== INPUT MATERIAL ==

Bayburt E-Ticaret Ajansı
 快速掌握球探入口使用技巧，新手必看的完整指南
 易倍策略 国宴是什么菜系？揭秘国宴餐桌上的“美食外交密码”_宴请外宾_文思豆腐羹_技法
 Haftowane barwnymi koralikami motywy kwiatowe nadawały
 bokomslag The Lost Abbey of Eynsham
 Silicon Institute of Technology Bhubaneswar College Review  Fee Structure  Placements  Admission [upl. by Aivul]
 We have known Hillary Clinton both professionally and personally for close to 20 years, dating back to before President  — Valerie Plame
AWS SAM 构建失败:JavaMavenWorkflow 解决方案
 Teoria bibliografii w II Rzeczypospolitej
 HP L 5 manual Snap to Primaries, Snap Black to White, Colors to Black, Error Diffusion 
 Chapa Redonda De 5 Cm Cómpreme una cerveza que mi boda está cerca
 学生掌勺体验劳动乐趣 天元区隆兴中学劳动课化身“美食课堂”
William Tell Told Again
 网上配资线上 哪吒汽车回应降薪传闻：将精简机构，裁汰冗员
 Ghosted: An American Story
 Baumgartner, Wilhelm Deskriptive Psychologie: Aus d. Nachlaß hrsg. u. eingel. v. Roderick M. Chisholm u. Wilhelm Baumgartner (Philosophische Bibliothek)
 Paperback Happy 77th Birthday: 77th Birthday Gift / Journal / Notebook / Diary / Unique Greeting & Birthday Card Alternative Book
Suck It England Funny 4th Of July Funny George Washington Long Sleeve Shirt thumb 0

===

:: DESCRIPTION OF THE TASK ::
All that is wanted is the stretch of lines above from the one containing "Haftowane barwnymi koralikami" through the one containing "Silicon Institute of", duplicated exactly.

:: ANSWER BOX ::
 Haftowane barwnymi koralikami motywy kwiatowe nadawały
 bokomslag The Lost Abbey of Eynsham
 Silicon Institute of Technology Bhubaneswar College Review  Fee Structure  Placements  Admission [upl. by Aivul]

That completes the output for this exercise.